• **INFORMATION PROVIDED**:
####

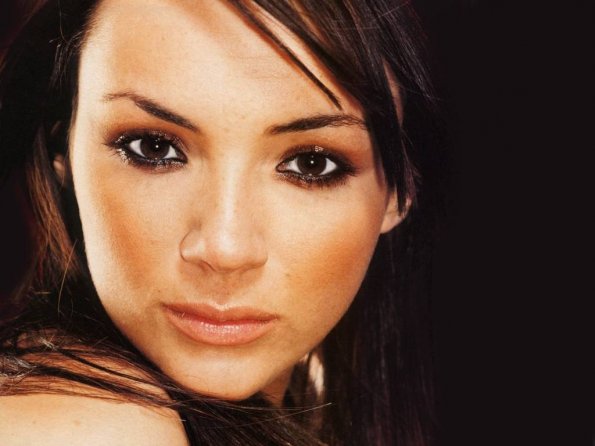 Martine-McCutcheon-8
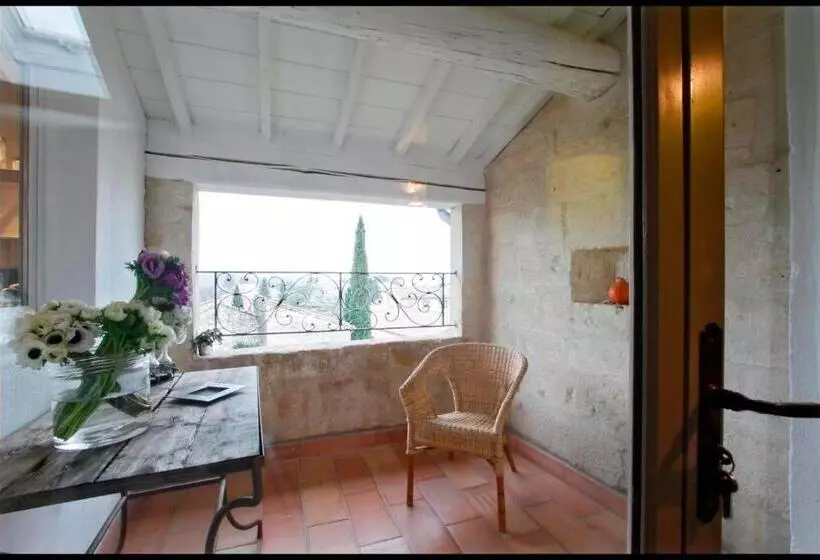 Aamiaismajoitus (B&B) Maison De La Bourgade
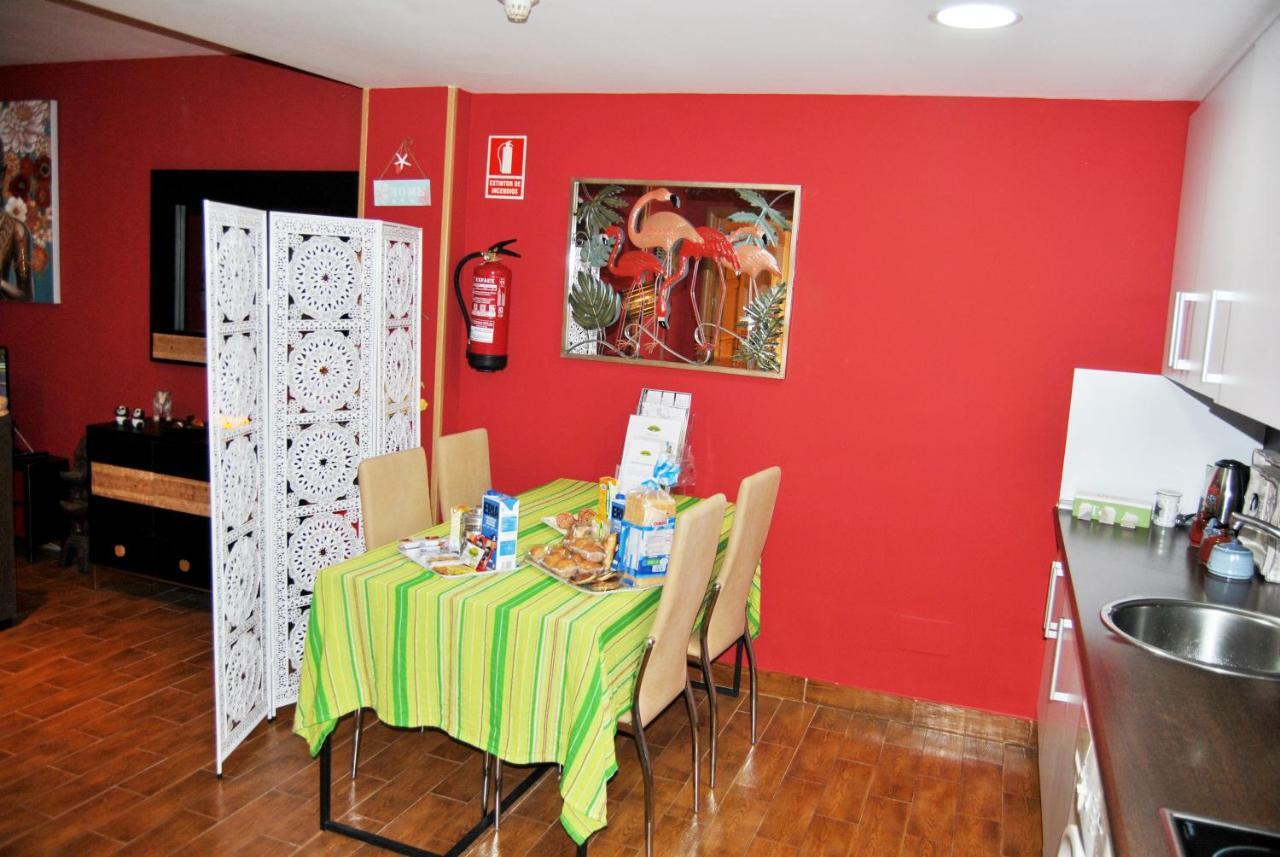 Apartamentos Deluxe Con Jacuzzi O Chimenea Love For Two Collado Mediano Kültér fotó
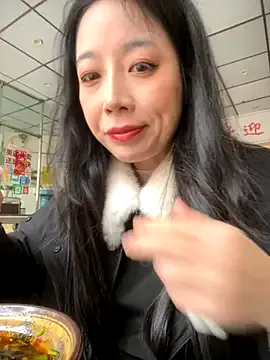 roouse – webcam model profile photo Image 14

####

The expected answer is the full listing above, transcribed exactly and without pictures.

• **ANSWER TO THE PROBLEM**:
 Martine-McCutcheon-8
 Aamiaismajoitus (B&B) Maison De La Bourgade
 Apartamentos Deluxe Con Jacuzzi O Chimenea Love For Two Collado Mediano Kültér fotó
 roouse – webcam model profile photo Image 14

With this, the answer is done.